Collected material -

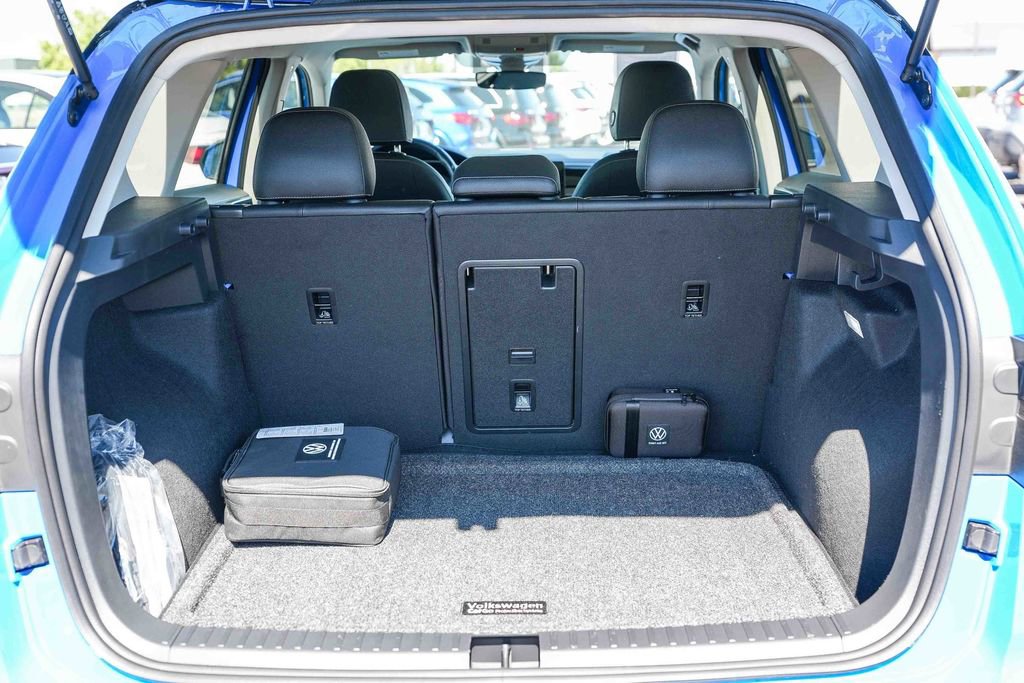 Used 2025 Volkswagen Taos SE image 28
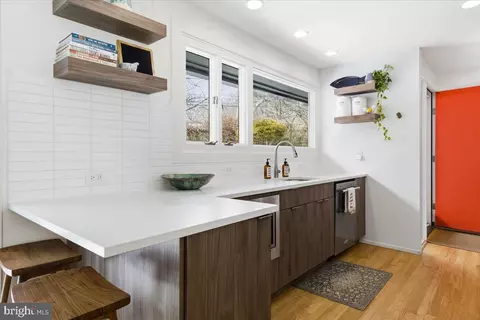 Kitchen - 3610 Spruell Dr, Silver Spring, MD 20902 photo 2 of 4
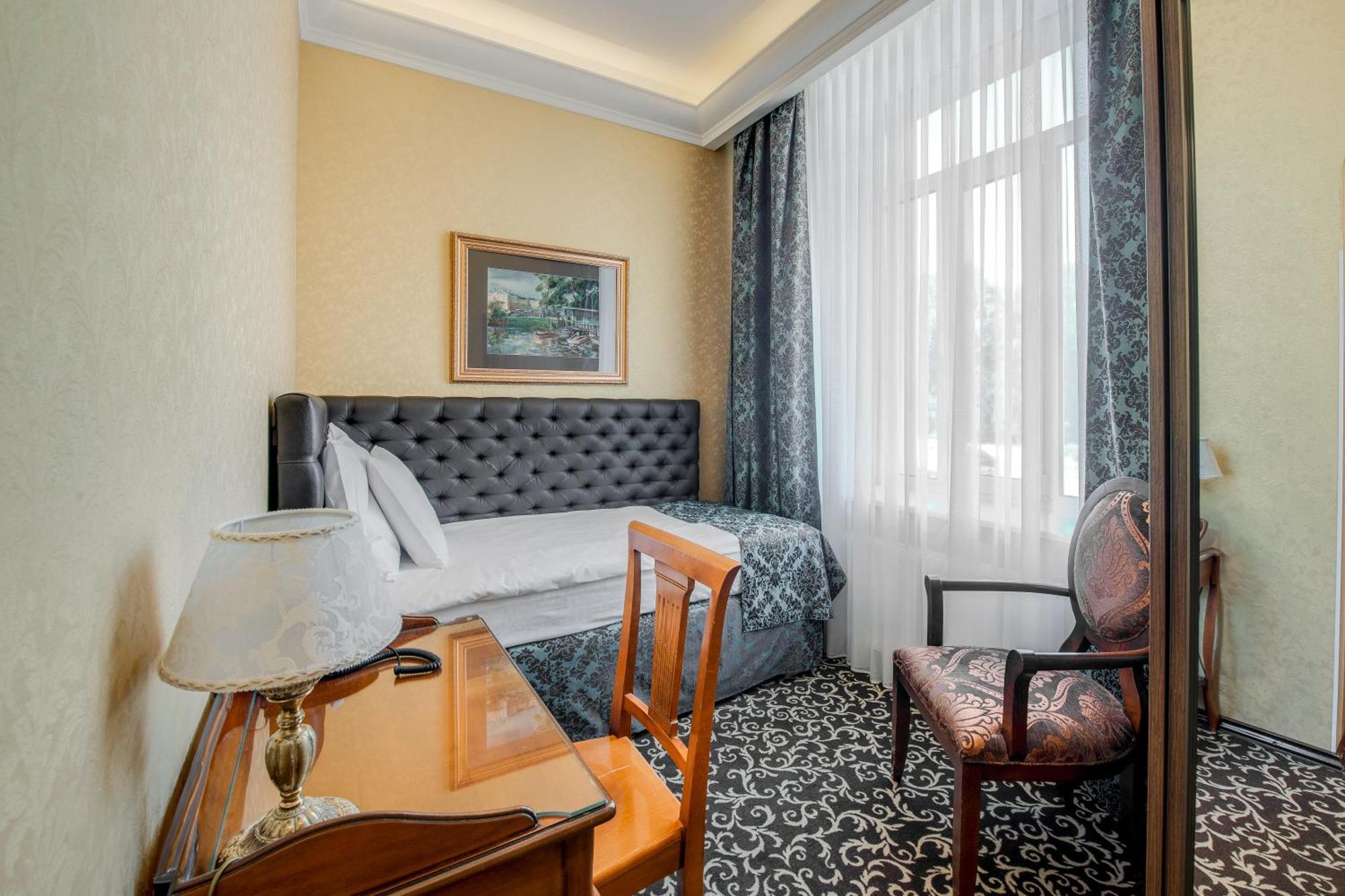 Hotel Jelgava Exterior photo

Exercise requirements - The result should be the listing above, restated exactly, with no pictures in it.

Written solution -
 Used 2025 Volkswagen Taos SE image 28
 Kitchen - 3610 Spruell Dr, Silver Spring, MD 20902 photo 2 of 4
 Hotel Jelgava Exterior photo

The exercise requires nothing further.